* PROBLEM REQUIREMENTS
In the records below, find the line that contains "Single Tier Chandelier" and the line that contains "Adams Money/Rent Receipt", then retype exactly those two lines and every line between them.

* DATA PROVIDED

******************************

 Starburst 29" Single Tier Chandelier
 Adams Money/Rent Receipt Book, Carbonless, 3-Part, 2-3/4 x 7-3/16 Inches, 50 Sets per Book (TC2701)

******************************

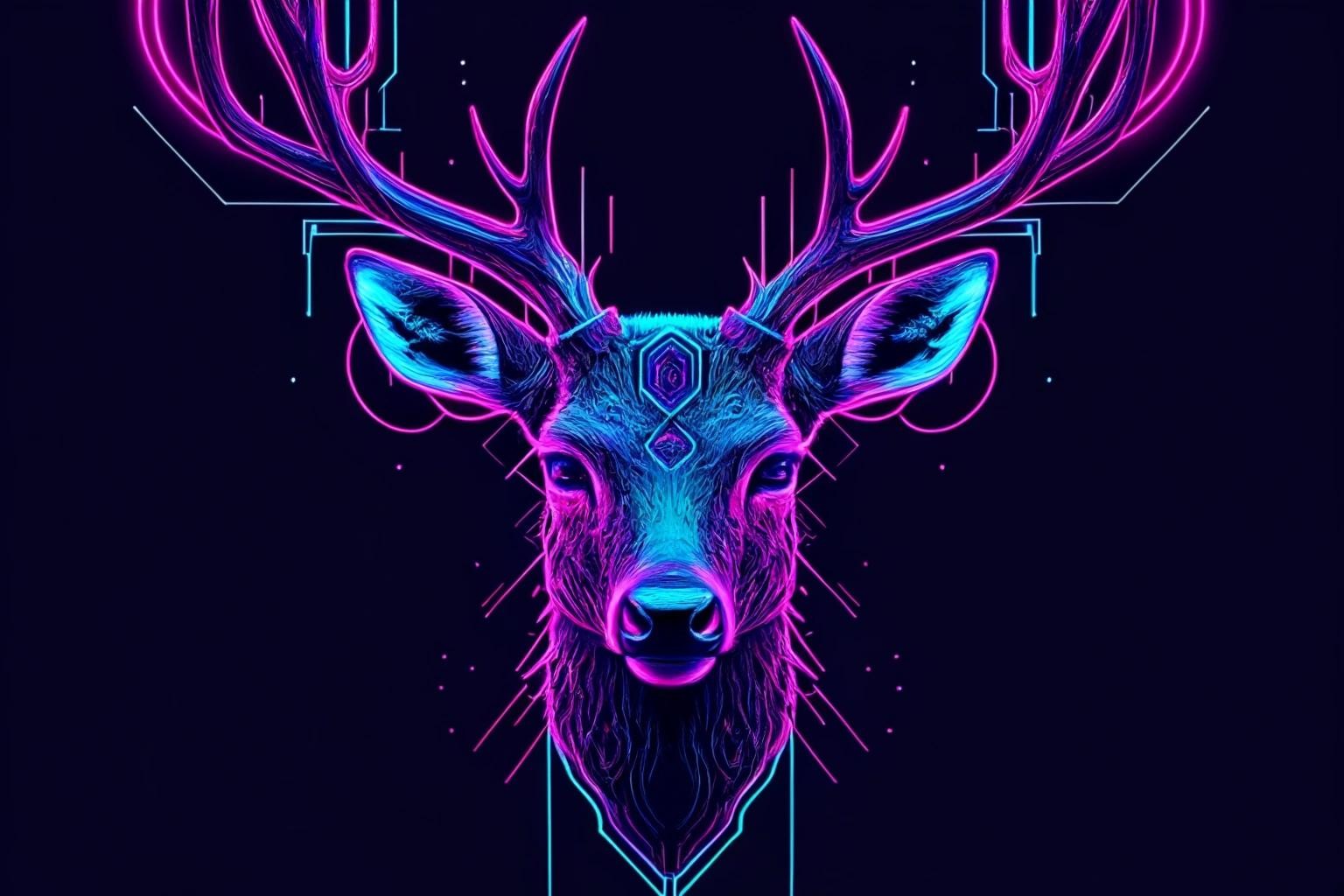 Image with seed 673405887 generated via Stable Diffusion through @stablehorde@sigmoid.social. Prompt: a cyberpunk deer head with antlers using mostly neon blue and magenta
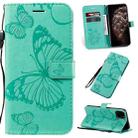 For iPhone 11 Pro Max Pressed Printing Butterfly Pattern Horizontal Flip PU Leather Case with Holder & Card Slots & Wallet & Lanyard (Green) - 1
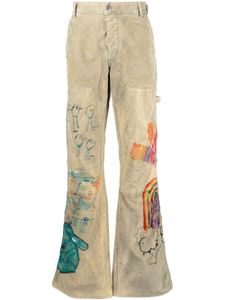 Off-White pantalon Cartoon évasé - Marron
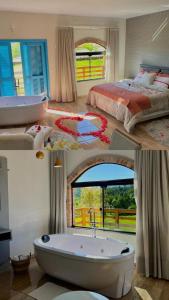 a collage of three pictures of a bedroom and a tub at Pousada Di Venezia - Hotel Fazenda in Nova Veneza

******************************

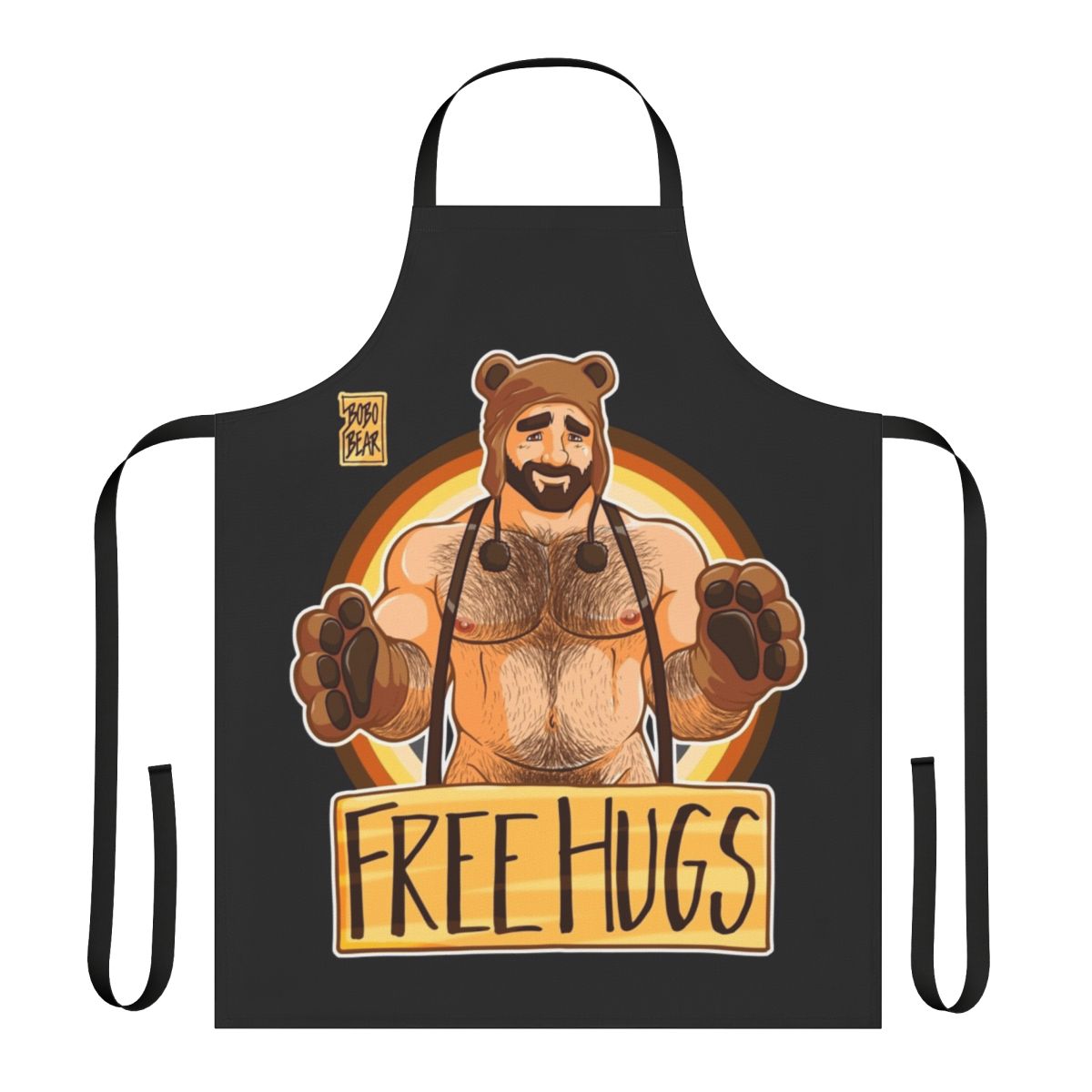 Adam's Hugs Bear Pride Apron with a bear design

******************************

* OUTPUT FOR THIS TASK
 Starburst 29" Single Tier Chandelier
 Adams Money/Rent Receipt Book, Carbonless, 3-Part, 2-3/4 x 7-3/16 Inches, 50 Sets per Book (TC2701)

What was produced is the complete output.